Conlin’s team at DOD not only helped pull data in from internal sources, but needed to bring in external data sources as well (i.e. HHS) to help inform his agency about the pandemic. DOD was able to do this seamlessly and even look into their supply chain, specifically their suppliers’ suppliers, and detect problems earlier on in the lack of health equipment across the country. Moreover, DOD implemented the Installation Commander’s Dashboard to allow those leaders to make health protection decisions on their respective divisions. The dynamic dashboard consists of data that varies from installation to installation, leading to decisions by data analytics versus dates or politics, explained Conlin.

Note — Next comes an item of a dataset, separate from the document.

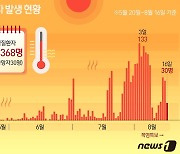 찜통더위 다시 왔지만 온열질환자는 감소세…30명 추가 발생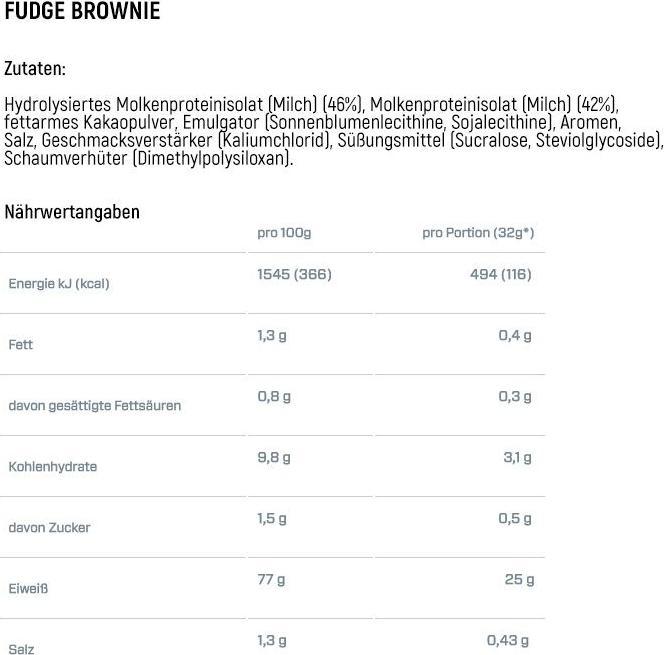 Nutritional values and ingredients Dymatize Iso 100 (Fudge Brownie, 1 pcs., 2200 g)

Next in the program, each government panelist shared a set of priorities within the next six to twelve months they hope to achieve:
- Data Quality: ensure the agency has a controlled vocabulary and then dig into the trustworthiness of the data and codify it
- Evolution of the Workforce: get people to understand the value of data, and how to exploit it and use it for purposeful decision-making once they have access to it
- Dashboard Sprawl: identify which dashboards are reliable for what information and what decision by certifying data sources as trustworthy
- Cultural Shift: change the mindset of people at the agency who take ownership of data and stop the sharing of data across the organization when needed
- Data Protection: classify data properly and have different classification levels for different types of data (i.e. low classification for public scientific data, high classification for proprietary partner data)
- Standardization and Interoperability: know how to move data between purpose built containers to more open and interoperable standards
- Cultural Change: use a balanced scorecard to report on what has happened in the past, and aim for predictive reporting and beyond. Going through the levels of data maturity will help to shift the culture’s viewpoint on data
- Policy Analytics Tool: most DOD policy documents start out as unstructured data, OSD currently has over 1900 policy documents and will use the new tool to perform a semantic search to not only find the policy but also understand the intent of it
Painting picture of big data’s future, the panelists agreed that a general shift is occurring in the perception of data use. The COVID-19 pandemic is causing people to think about their data strategies, says Sowell. Data integration and data infusion and decreasing the time to market form data creation to decisions is top of mind, according to Salsa. Moreover, the federal government is undergoing a digital transformation that will lead to leveraging artificial intelligence and machine learning in order to extract even larger actionable intelligence from data, says Harmon.